Friday, March 14th, 2014

The First Amendment, a great welcome back

Posted by Kevin Anderson

The First Amendment, originally uploaded by Kevglobal.

I’ve left some of the details purposefully vague for reasons that I hope are obvious.

A couple of years ago, I was in Russia working with a newspaper for the Media Development Investment Fund. While there, the publisher of the newspaper asked me to speak to her daughter’s university journalism class. I love talking to students about journalism so I quickly said yes.

A few hours before I was supposed to speak, the publisher took a phone. Russians have this singular ability to express displeasure without saying words. The publisher simply said in response to whatever was being said, “Awrrooo, awwrrrooo, awwrrooo,” was all I heard in her husky alto.

She got off the phone and had a quick chat with my Russian colleague. My colleague said, “The FSB has noticed you are here.” The FSB is the Russian Federal Security Service, the successor to the KGB. The students had been talking about me on vKontakte, one of Russia’s most popular social networks, and they had called the dean of the journalism school.

My colleague continued, “They say, ‘Who is this Guardian guy. Why you no tell us?’”

My colleague tried to calm me down and told me not to worry. “Don’t worry. Last time Danish guy only detained for two days,” she said. I wasn’t comforted. I didn’t really care about being detained, well much, but it was Suw’s mother’s birthday the following Sunday. Suw is very particular about birthdays, especially the not missing part of them. At the moment I was more worried about that then the FSB, which I was pretty sure wouldn’t really care that much about me. However, in an abundance of caution, I let Suw know what was happening, and I told her to put the American embassy in Moscow on speed dial.

The publisher made a phone call to someone she thought had connections to the FSB, who could smooth things over. It must have worked because a few hours later, I was at the university speaking to a packed room of students in the international journalism programme.

I gave the presentation that I had intended to give about the changing world of journalism and the opportunities open for young journalists, and then I opened up the floor to questions. A few questions in, one student asked, “If you had to choose between writing a story critical of the government and going to jail, which would you choose?”
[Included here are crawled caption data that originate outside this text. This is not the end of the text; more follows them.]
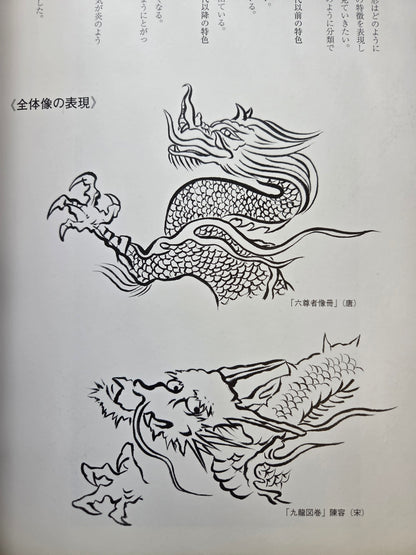 Dragon Art Collection - Seiryu Kitabatake (2011)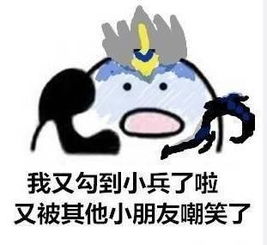 夏天到了,来一波王者荣耀解暑的表情包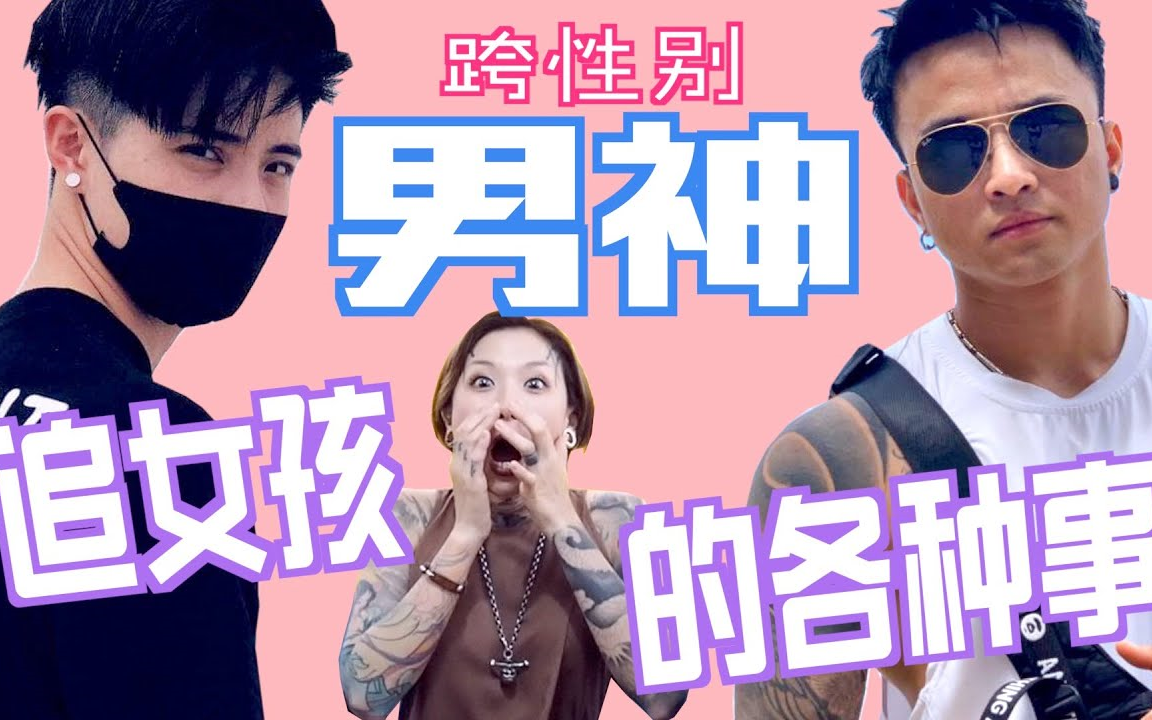 不一样又怎样第15集跨性别ftm男神如何追女生各种撩妹法顶级男神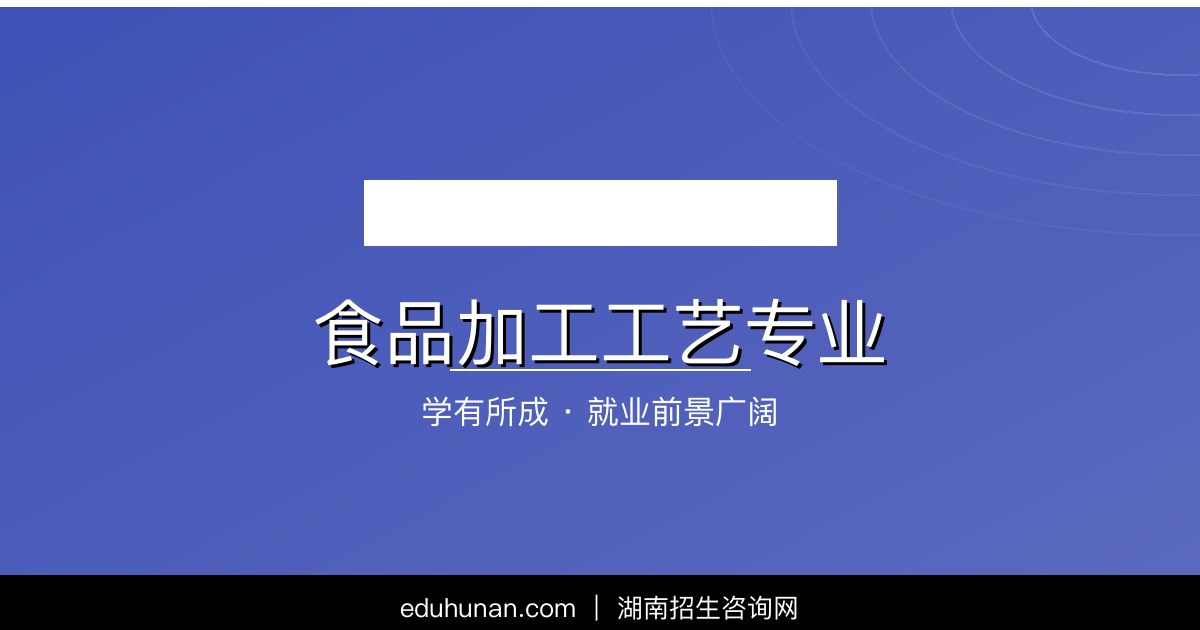 食品加工工艺专业介绍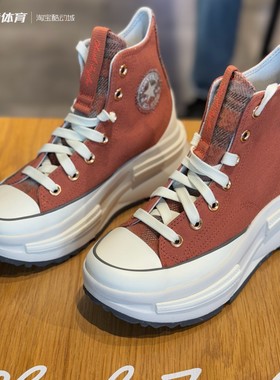 匡威新款RunStar Legacy CX砖红色夹心厚底增高休闲帆布鞋A12451C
I quickly scanned the room, with the tune “One of these things does not belong” going through head. I was looking for the FSB agents or agents. No one jumped out, but I still took a moment to think carefully of what I was about to say. I simply said that thankfully I had never had to make that decision, and in fact, in Britain, if you didn’t criticise the government, you would face criticism not from the government but from your peers.

Things went pretty smoothly after that, but near the end, one of the students asked, “Would you care to comment on the press situation in Russia?” I looked at my colleague before responding, “No,” with a bit of a laugh. The room, fortunately, laughed with me. The student persisted, and I relented. I collected my thoughts, and then I said, “I am an American, who has worked in the US and the UK. For the past seven years, I’ve worked mostly in the UK. I miss the First Amendment every single day.”

As I said a few weeks back, I have come back to the US to take up an executive editor position overseeing a couple of newspapers. The picture above is from the stairs leading up to the newsroom of the Herald-Times-Reporter in Manitowoc Wisconsin, one of the two newspapers. When I saw the First Amendment written on the wall, it was a great welcome, back to the US and back into a newsroom.